▸ ABOUT THIS EXERCISE: When you reach the line containing "Die Kirche In" in the entries below, begin reproducing lines exactly, and stop once the line containing "What do we need" is done.

══════

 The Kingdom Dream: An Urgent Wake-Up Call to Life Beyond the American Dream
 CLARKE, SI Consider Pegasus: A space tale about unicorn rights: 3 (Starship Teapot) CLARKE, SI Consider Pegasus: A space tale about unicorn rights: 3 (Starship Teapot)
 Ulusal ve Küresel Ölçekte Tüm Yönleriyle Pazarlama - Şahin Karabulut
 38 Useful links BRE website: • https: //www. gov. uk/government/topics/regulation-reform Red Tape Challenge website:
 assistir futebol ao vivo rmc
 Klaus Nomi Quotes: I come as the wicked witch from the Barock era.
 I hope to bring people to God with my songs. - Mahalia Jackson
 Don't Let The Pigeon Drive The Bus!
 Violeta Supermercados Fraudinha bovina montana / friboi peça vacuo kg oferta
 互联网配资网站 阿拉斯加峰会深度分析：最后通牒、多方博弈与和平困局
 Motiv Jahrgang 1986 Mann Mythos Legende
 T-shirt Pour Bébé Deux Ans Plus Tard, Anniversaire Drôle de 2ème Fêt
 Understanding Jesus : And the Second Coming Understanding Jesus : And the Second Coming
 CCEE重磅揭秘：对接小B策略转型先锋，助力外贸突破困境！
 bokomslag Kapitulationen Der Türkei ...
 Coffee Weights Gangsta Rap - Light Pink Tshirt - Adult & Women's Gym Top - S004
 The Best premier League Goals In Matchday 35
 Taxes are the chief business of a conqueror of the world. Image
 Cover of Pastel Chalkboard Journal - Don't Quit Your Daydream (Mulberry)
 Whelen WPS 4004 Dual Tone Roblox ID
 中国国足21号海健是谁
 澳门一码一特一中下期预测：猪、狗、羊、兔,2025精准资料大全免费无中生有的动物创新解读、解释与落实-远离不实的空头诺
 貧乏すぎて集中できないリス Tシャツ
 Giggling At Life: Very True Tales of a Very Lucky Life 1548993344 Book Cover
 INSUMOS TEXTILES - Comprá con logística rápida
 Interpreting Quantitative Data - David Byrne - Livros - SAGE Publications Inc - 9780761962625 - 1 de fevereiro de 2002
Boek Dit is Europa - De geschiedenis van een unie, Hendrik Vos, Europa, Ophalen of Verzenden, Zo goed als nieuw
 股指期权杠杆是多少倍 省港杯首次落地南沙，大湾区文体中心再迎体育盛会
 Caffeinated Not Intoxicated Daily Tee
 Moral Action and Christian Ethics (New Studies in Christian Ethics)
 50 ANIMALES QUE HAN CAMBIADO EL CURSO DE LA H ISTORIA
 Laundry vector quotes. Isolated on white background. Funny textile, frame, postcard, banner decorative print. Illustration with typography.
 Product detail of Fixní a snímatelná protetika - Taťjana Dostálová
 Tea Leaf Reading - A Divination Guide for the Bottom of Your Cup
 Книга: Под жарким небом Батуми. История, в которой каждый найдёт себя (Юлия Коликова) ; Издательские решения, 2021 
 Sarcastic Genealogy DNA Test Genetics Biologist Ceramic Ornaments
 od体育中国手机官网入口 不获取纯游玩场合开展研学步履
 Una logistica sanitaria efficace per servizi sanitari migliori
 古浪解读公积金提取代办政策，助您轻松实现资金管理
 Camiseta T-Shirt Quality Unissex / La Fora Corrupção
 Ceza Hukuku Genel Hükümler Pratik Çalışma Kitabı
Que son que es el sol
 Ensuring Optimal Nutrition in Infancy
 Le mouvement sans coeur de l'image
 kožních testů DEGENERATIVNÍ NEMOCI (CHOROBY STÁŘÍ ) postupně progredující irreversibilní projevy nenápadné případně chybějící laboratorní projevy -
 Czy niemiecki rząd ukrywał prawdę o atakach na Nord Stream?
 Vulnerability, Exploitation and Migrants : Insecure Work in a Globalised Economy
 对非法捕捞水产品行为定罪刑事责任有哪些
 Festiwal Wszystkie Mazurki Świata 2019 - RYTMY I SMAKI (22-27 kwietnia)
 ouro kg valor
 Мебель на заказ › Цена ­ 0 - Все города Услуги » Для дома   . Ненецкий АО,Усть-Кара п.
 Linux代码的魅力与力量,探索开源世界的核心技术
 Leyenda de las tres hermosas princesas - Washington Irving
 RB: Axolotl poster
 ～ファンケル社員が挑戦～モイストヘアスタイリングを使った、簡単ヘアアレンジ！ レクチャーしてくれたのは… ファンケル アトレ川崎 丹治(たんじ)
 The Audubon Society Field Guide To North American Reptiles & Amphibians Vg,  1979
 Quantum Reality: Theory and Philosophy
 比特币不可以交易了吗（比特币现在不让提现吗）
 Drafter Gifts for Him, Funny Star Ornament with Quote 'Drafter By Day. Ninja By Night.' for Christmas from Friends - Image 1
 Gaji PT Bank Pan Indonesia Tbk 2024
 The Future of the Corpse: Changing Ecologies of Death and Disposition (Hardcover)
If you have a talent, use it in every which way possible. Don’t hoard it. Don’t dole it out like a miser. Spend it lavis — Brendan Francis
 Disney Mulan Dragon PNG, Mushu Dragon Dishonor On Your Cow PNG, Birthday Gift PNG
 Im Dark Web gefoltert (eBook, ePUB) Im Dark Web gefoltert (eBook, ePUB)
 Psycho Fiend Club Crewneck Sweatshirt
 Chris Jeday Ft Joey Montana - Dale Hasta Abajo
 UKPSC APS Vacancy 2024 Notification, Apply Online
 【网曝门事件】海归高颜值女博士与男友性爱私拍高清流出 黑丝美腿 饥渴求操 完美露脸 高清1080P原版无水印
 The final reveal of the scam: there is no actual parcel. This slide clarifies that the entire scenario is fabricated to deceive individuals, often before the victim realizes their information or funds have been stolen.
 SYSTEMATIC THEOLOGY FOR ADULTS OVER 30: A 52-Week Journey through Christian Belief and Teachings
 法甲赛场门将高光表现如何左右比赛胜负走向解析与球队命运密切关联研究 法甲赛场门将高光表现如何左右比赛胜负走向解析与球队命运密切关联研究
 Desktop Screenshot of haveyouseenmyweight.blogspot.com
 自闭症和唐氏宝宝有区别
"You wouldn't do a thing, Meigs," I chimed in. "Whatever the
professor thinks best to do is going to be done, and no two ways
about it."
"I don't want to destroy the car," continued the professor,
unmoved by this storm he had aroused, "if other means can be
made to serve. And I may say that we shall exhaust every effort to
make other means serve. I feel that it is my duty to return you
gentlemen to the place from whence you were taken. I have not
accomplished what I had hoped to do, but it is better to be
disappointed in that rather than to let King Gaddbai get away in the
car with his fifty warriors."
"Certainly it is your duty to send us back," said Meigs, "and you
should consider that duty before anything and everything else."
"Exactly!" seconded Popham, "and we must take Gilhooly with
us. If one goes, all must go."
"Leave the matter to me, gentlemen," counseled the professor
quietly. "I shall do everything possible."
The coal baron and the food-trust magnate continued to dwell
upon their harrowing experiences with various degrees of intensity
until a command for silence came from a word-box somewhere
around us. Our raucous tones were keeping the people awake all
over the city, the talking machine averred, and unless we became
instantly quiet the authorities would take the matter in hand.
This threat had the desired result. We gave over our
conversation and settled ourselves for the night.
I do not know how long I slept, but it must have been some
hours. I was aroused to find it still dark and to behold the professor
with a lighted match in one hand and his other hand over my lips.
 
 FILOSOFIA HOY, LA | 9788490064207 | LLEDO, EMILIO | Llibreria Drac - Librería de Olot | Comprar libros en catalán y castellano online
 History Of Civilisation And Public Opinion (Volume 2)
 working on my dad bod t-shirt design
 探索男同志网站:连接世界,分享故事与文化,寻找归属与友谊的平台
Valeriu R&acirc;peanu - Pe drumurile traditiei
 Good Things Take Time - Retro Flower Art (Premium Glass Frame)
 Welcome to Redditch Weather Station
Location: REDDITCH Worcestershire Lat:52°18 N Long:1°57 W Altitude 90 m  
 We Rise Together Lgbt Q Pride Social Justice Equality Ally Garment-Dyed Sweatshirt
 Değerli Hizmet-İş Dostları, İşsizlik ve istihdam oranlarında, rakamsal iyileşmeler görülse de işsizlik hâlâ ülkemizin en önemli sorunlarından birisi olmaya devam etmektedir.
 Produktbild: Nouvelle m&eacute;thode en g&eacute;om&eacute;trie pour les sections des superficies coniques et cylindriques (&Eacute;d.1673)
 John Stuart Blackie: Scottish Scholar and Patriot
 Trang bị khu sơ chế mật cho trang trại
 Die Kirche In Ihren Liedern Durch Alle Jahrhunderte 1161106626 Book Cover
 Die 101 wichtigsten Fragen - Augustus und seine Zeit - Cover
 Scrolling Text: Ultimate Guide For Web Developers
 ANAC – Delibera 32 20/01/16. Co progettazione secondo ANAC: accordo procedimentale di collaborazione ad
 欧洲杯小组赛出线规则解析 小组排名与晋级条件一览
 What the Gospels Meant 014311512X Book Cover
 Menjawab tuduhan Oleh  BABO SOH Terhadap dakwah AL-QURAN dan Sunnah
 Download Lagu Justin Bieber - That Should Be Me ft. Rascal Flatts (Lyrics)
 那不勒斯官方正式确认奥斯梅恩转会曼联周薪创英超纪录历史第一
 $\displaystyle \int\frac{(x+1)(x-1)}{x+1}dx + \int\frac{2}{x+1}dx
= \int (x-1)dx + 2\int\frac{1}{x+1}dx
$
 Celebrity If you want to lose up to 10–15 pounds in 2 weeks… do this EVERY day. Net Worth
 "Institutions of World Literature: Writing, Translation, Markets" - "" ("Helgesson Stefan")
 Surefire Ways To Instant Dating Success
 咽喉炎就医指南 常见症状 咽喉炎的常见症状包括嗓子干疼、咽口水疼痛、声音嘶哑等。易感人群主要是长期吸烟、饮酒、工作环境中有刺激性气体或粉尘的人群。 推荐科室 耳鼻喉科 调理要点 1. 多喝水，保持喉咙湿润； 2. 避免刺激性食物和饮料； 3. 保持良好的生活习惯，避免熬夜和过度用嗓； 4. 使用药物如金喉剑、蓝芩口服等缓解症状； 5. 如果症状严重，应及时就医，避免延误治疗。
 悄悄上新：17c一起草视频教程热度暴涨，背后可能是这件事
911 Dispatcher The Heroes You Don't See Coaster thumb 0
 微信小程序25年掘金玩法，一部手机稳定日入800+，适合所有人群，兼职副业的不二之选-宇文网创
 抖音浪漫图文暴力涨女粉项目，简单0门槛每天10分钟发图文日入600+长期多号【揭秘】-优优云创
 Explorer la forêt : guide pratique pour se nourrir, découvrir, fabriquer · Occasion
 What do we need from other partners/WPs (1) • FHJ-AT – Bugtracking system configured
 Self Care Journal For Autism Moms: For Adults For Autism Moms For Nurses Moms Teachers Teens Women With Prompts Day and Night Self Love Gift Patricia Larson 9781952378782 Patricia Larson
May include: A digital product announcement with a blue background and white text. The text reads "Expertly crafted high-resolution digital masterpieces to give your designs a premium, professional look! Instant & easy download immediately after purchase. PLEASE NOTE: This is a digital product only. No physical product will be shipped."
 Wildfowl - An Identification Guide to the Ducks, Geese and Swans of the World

══════

▸ RESULT:
 Die Kirche In Ihren Liedern Durch Alle Jahrhunderte 1161106626 Book Cover
 Die 101 wichtigsten Fragen - Augustus und seine Zeit - Cover
 Scrolling Text: Ultimate Guide For Web Developers
 ANAC – Delibera 32 20/01/16. Co progettazione secondo ANAC: accordo procedimentale di collaborazione ad
 欧洲杯小组赛出线规则解析 小组排名与晋级条件一览
 What the Gospels Meant 014311512X Book Cover
 Menjawab tuduhan Oleh  BABO SOH Terhadap dakwah AL-QURAN dan Sunnah
 Download Lagu Justin Bieber - That Should Be Me ft. Rascal Flatts (Lyrics)
 那不勒斯官方正式确认奥斯梅恩转会曼联周薪创英超纪录历史第一
 $\displaystyle \int\frac{(x+1)(x-1)}{x+1}dx + \int\frac{2}{x+1}dx
= \int (x-1)dx + 2\int\frac{1}{x+1}dx
$
 Celebrity If you want to lose up to 10–15 pounds in 2 weeks… do this EVERY day. Net Worth
 "Institutions of World Literature: Writing, Translation, Markets" - "" ("Helgesson Stefan")
 Surefire Ways To Instant Dating Success
 咽喉炎就医指南 常见症状 咽喉炎的常见症状包括嗓子干疼、咽口水疼痛、声音嘶哑等。易感人群主要是长期吸烟、饮酒、工作环境中有刺激性气体或粉尘的人群。 推荐科室 耳鼻喉科 调理要点 1. 多喝水，保持喉咙湿润； 2. 避免刺激性食物和饮料； 3. 保持良好的生活习惯，避免熬夜和过度用嗓； 4. 使用药物如金喉剑、蓝芩口服等缓解症状； 5. 如果症状严重，应及时就医，避免延误治疗。
 悄悄上新：17c一起草视频教程热度暴涨，背后可能是这件事
911 Dispatcher The Heroes You Don't See Coaster thumb 0
 微信小程序25年掘金玩法，一部手机稳定日入800+，适合所有人群，兼职副业的不二之选-宇文网创
 抖音浪漫图文暴力涨女粉项目，简单0门槛每天10分钟发图文日入600+长期多号【揭秘】-优优云创
 Explorer la forêt : guide pratique pour se nourrir, découvrir, fabriquer · Occasion
 What do we need from other partners/WPs (1) • FHJ-AT – Bugtracking system configured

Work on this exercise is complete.